Start of Block

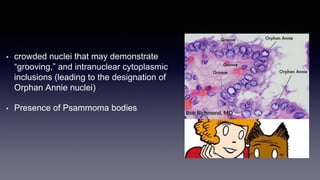 • crowded nuclei that may demonstrate
“grooving,” and intranuclear cytoplasmic
inclusions (leading to the designation of
Orphan Annie nuclei)
• Presence of Psammoma bodies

End of Block

Exercise objective –
Transcribe each line of the material above verbatim, but do not include the images.

Solution for this task –
 • crowded nuclei that may demonstrate
“grooving,” and intranuclear cytoplasmic
inclusions (leading to the designation of
Orphan Annie nuclei)
• Presence of Psammoma bodies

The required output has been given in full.